Redis tidak hanya untuk cache dan blacklist. Beberapa pemakaian populer lainnya:

  • Session store — simpan sesi login memakai tipe HASH dengan TTL.
  • Rate limiting counter — gunakan INCR + TTL untuk membatasi jumlah request per detik.
  • Pub/Sub — mengirim pesan dari satu service ke service lain secara fire-and-forget.
  • Distributed lock — koordinasi antar instance aplikasi memakai SETNX + TTL.

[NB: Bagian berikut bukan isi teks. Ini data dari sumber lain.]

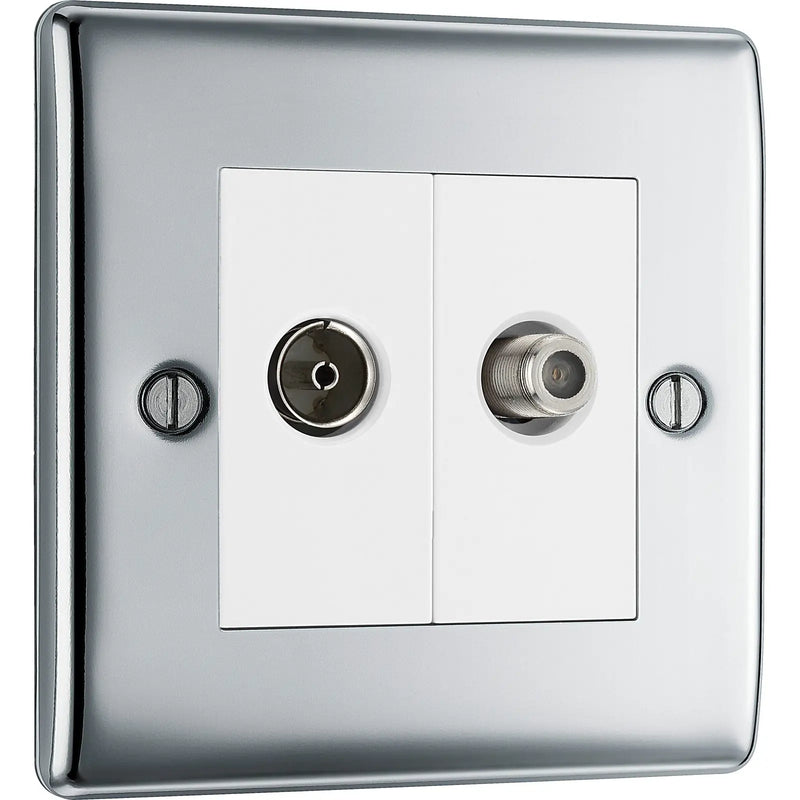 BG Electrical Nexus Metal Polished Chrome - Double, satellite and co-axial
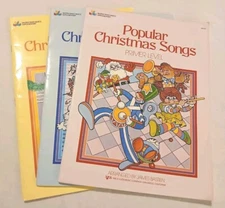 THREE VTG. 1986 BASTIEN PIANO BASICS POPULAR CHRISTMAS SONGS SHEET MUSIC BOOKS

Contoh rate limiter sederhana:

public boolean allowRequest(String clientIp) {
    String key = "ratelimit:" + clientIp;
    Long count = stringRedisTemplate.opsForValue().increment(key);
    if (count != null && count == 1L) {
        stringRedisTemplate.expire(key, Duration.ofSeconds(60));
    }
    return count != null && count <= 100; // maksimal 100 request per menit
}

Jebakan yang Sering Ditemui

Beberapa hal yang perlu diwaspadai saat memakai Redis di production:

  • Cache stampede — saat sebuah key expire, puluhan request sekaligus menembus cache dan menghantam database. Solusinya lock atau single-flight: hanya satu request yang boleh mengisi cache, sisanya menunggu.
  • Serialization overhead — menyimpan objek besar sebagai JSON lalu deserialize setiap request punya biaya. Cache yang terlalu besar justru membuat request lambat.
  • Data rahasia di Redis — Redis tidak terenkripsi secara default. Jangan simpan password, access token, atau data pribadi di sana tanpa lapisan keamanan tambahan.
  • TTL terlalu lama — makin lama TTL, makin besar kemungkinan cache basi. Padukan dengan invalidasi manual.
  • Redis bukan pengganti database utama — data di RAM bisa hilang saat server restart bila persistensi tidak dikonfigurasi. Simpan data penting tetap di database relasional.

Kapan Tidak Perlu Redis

Redis sangat berguna, tapi bukan solusi universal. Anda mungkin belum membutuhkannya jika:

  • Beban kecil — trafik ratusan request per detik masih sangat nyaman ditangani database biasa.
  • Data selalu berubah — kalau setiap baca hampir selalu menghasilkan data baru, cache malah menambah kerja tanpa manfaat.
  • Aplikasi single-instance — keuntungan utama Redis (memori bersama antar instance) tidak terasa jika aplikasi hanya berjalan di satu server.

Ringkasan

Redis adalah key-value store in-memory yang membuat data akses panas menjadi sangat cepat. Pola cache-aside — cek cache, lalu isi saat miss — adalah cara paling umum memakainya, dan TTL adalah pengaman wajib agar cache tidak basi atau memenuhi memori. Di Spring Boot, RedisTemplate dan anotasi @Cacheable/@CacheEvict menyederhanakan integrasi. Untuk masalah JWT yang stateless, Redis menjadi solusi elegan sebagai token blacklist: saat logout, simpan jti dengan TTL, lalu tolak request yang jti-nya ada di blacklist. Tetaplah ingat bahwa Redis berfungsi sebagai pelengkap database utama — bukan penggantinya.